## REQUIREMENT
Every record is to be copied unchanged, except that its pictures are removed.

## Crawled caption data
- - -

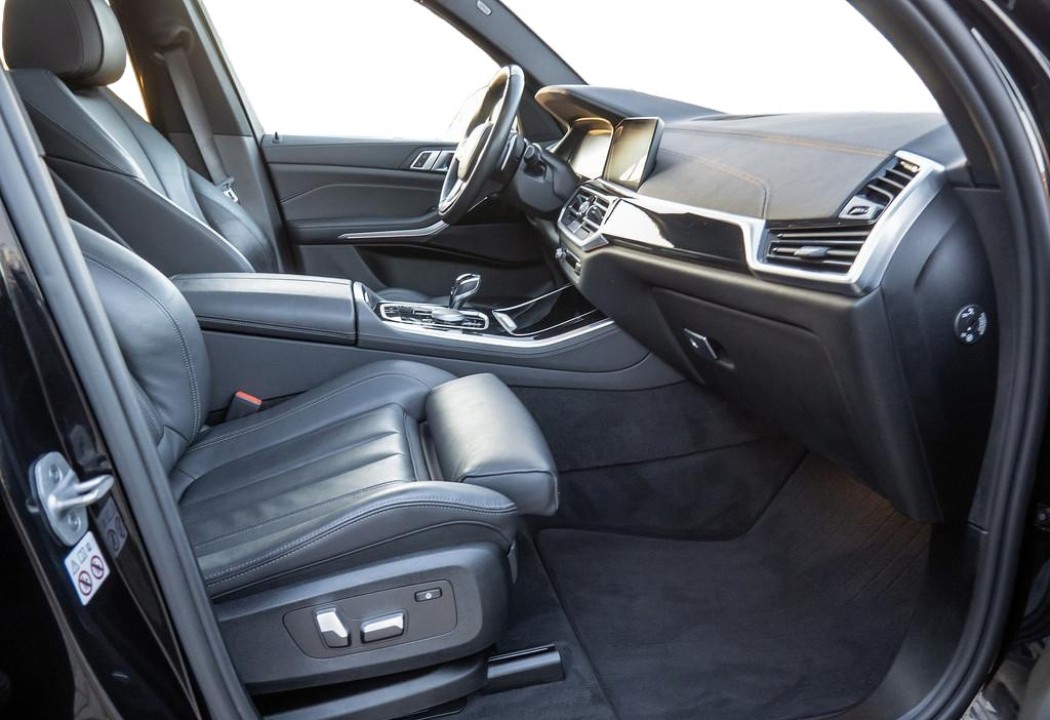 BMW X5 xDrive30d X-Line (5)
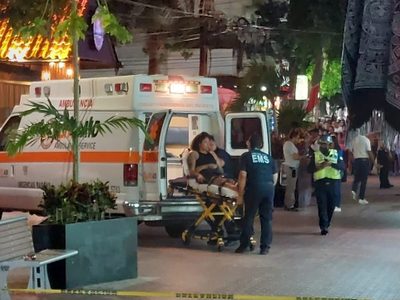 Ataques en la Quinta Avenida de Playa del Carmen dejan un muerto y dos heridos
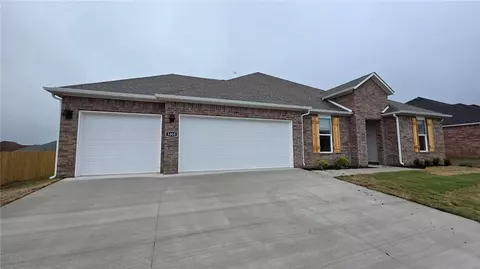 5005 E Sugarloaf St, Siloam Springs, AR 72761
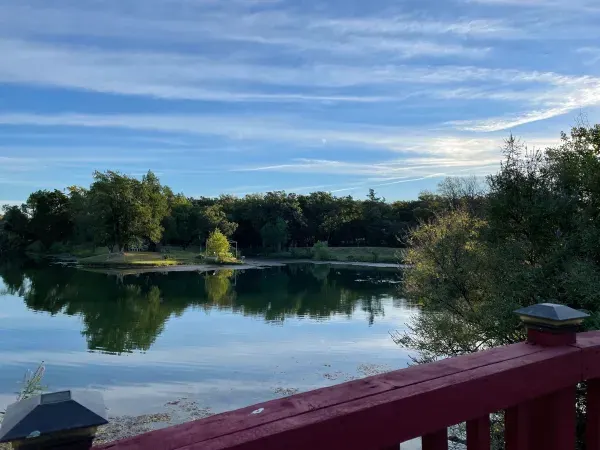 Chateau on Wildbriar Lake
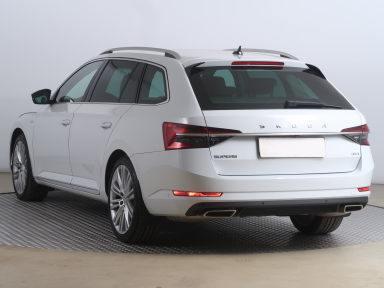 Škoda Superb - 2023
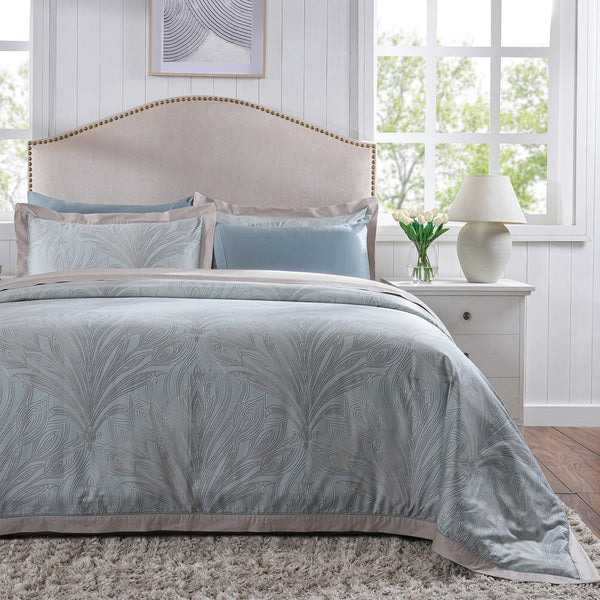 Classical Ornate Baroque Feathering Duvet Cover with Pillow Case Blue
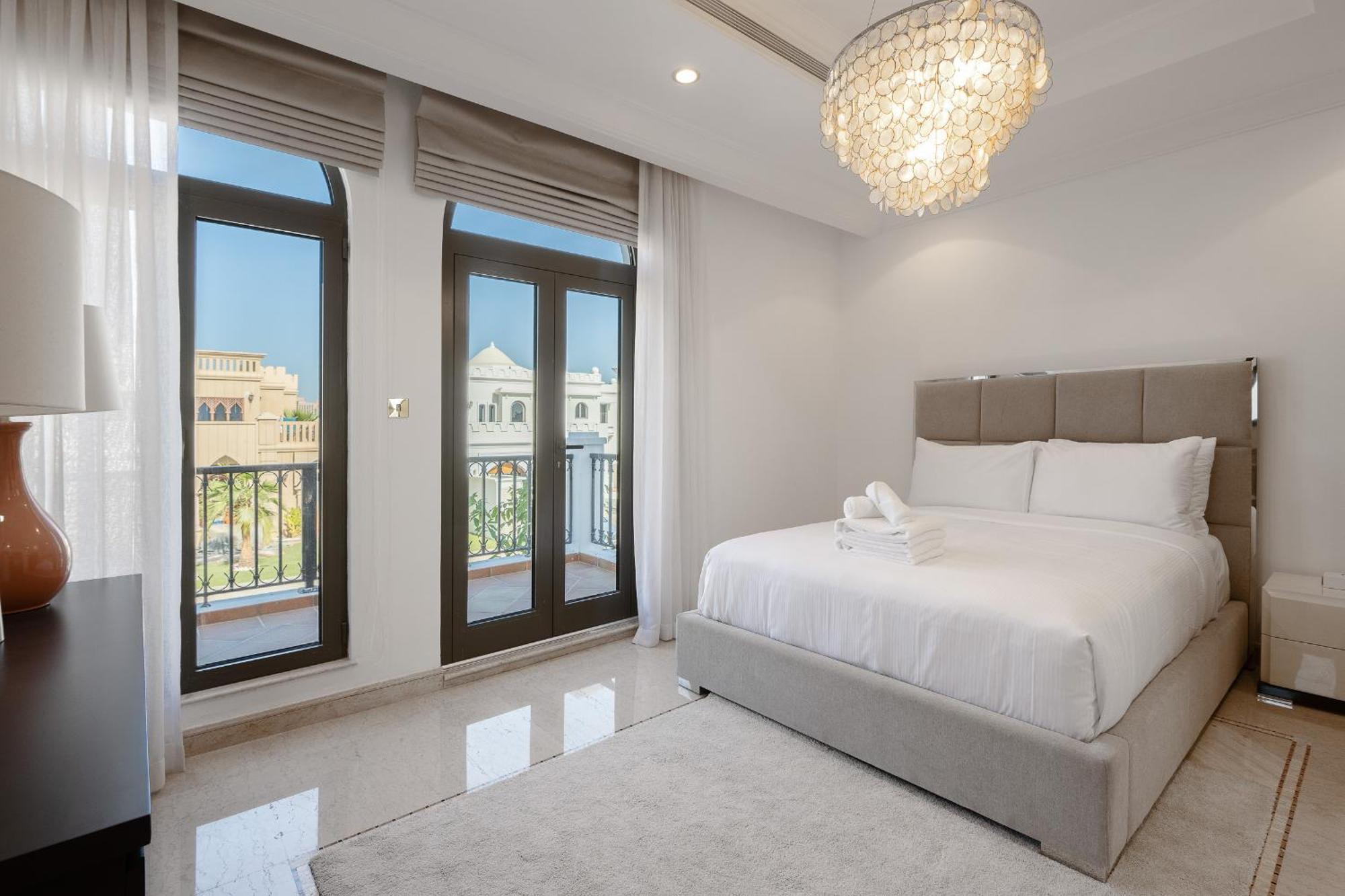 Frond K, Signature Villas, Palm Jumeirah - Mint *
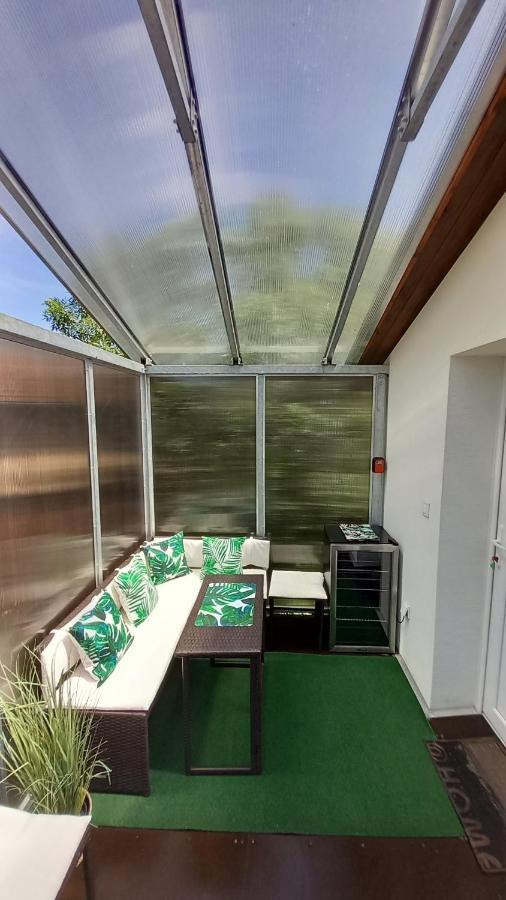 White Stone Apartman Hajduszoboszlo Luaran gambar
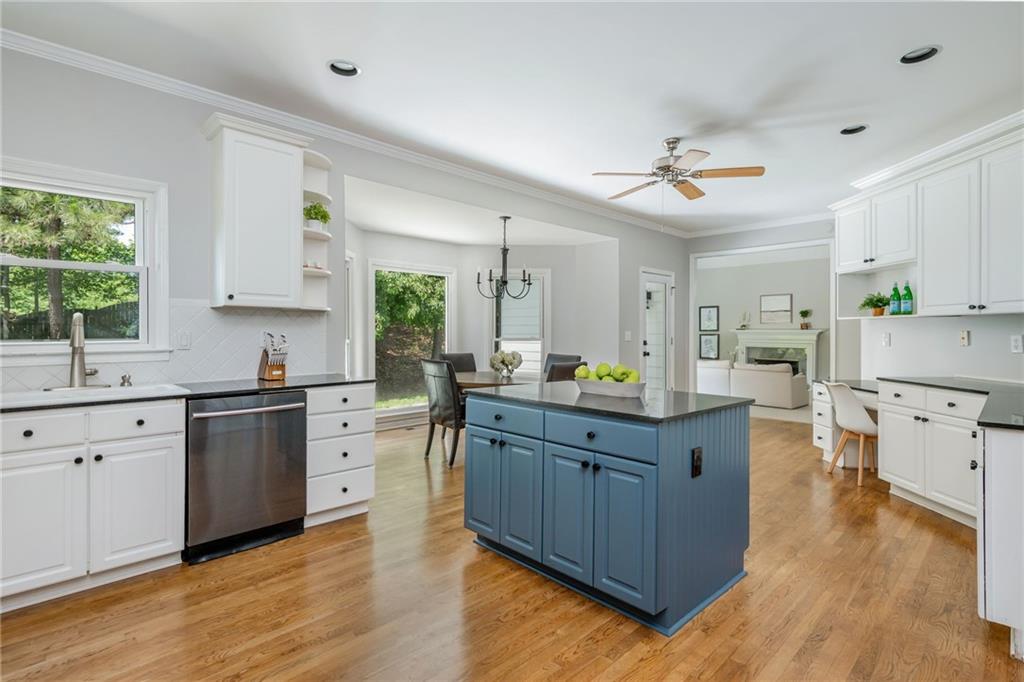 725 Eider Down Court, Alpharetta, Georgia image 16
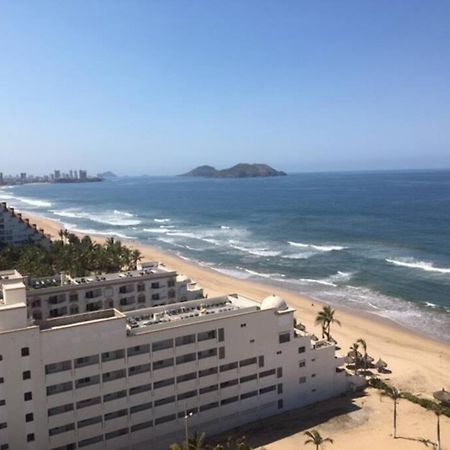 Beautiful 3 Bedroom, Fully Furnished, On The Beach Mazatlán Exterior foto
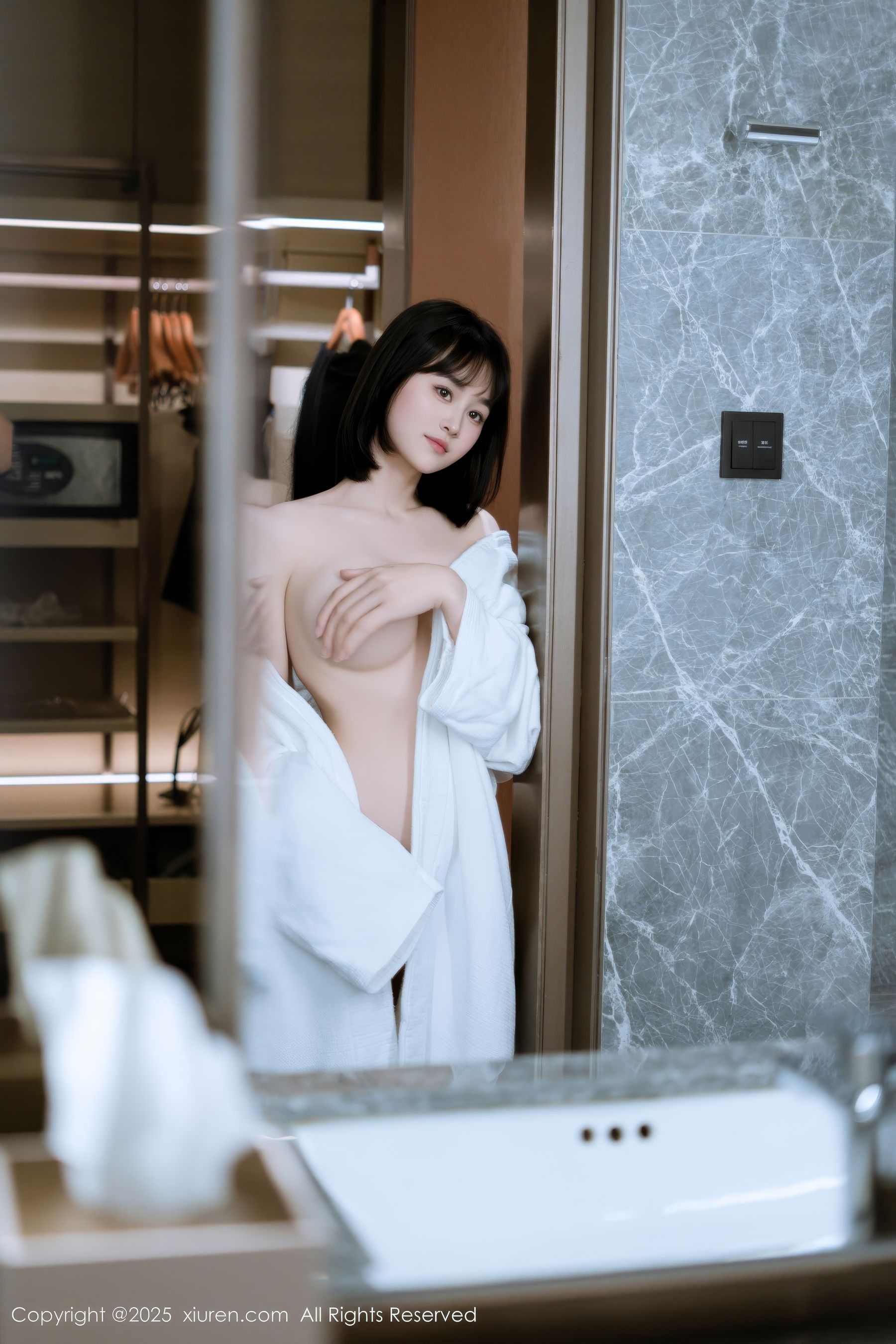 [秀人XiuRen] 2025.03.06 No.9972 涵涵Luna/(74P)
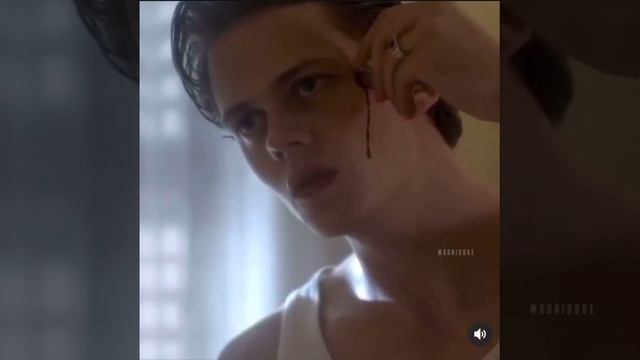 Bill Скарсгард  GROU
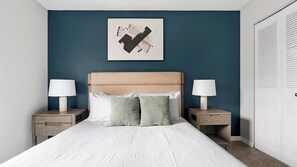 1 habitación, escritorio, tabla de planchar con plancha y wifi 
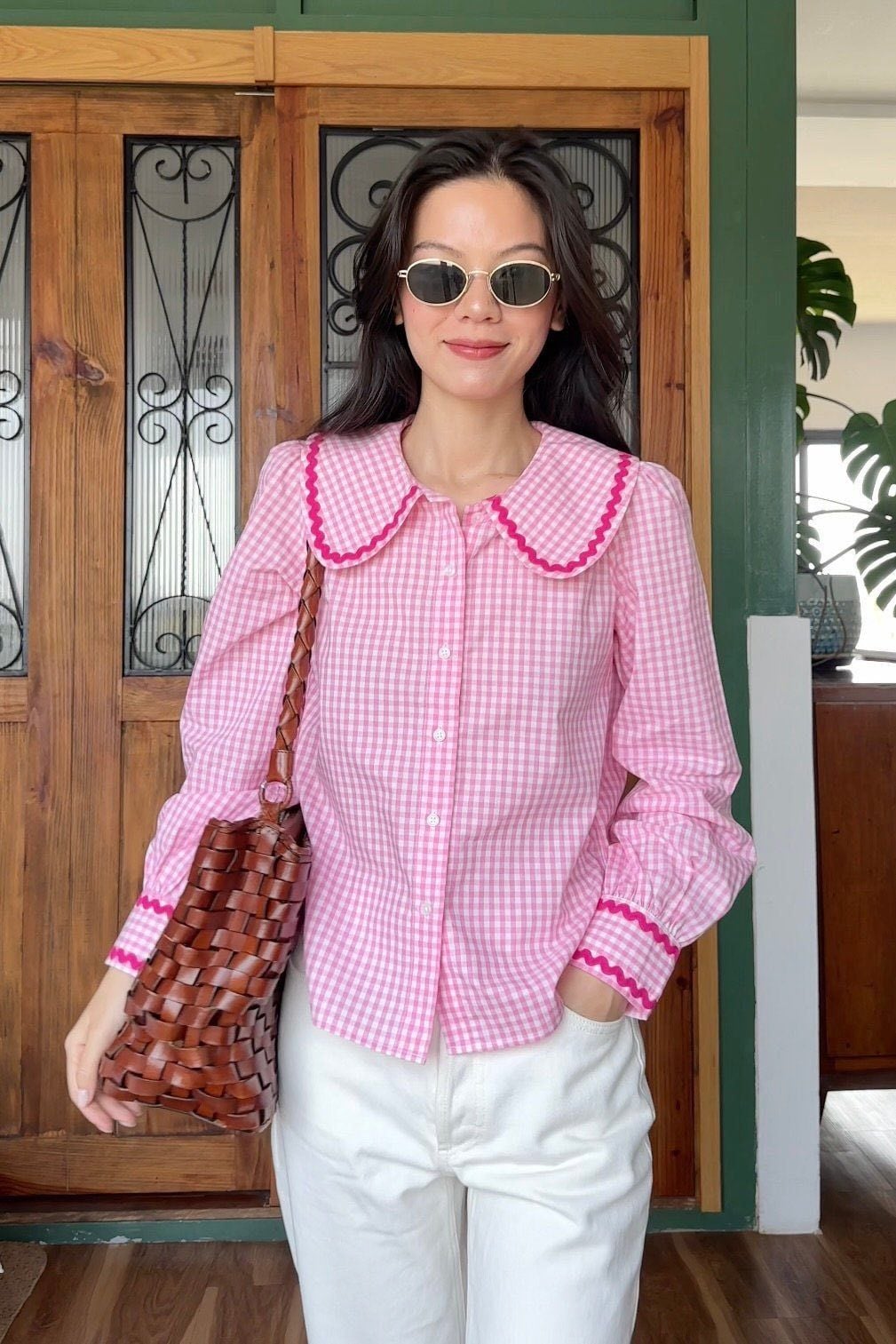 The Identity of the Jessie Shirt – From Zigzag Stitching to Gingham Pattern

- - -

## PROBLEM SOLUTION
 BMW X5 xDrive30d X-Line (5)
 Ataques en la Quinta Avenida de Playa del Carmen dejan un muerto y dos heridos
 5005 E Sugarloaf St, Siloam Springs, AR 72761
 Chateau on Wildbriar Lake
 Škoda Superb - 2023
 Classical Ornate Baroque Feathering Duvet Cover with Pillow Case Blue
 Frond K, Signature Villas, Palm Jumeirah - Mint *
 White Stone Apartman Hajduszoboszlo Luaran gambar
 725 Eider Down Court, Alpharetta, Georgia image 16
 Beautiful 3 Bedroom, Fully Furnished, On The Beach Mazatlán Exterior foto
 [秀人XiuRen] 2025.03.06 No.9972 涵涵Luna/(74P)
 Bill Скарсгард  GROU
 1 habitación, escritorio, tabla de planchar con plancha y wifi 
 The Identity of the Jessie Shirt – From Zigzag Stitching to Gingham Pattern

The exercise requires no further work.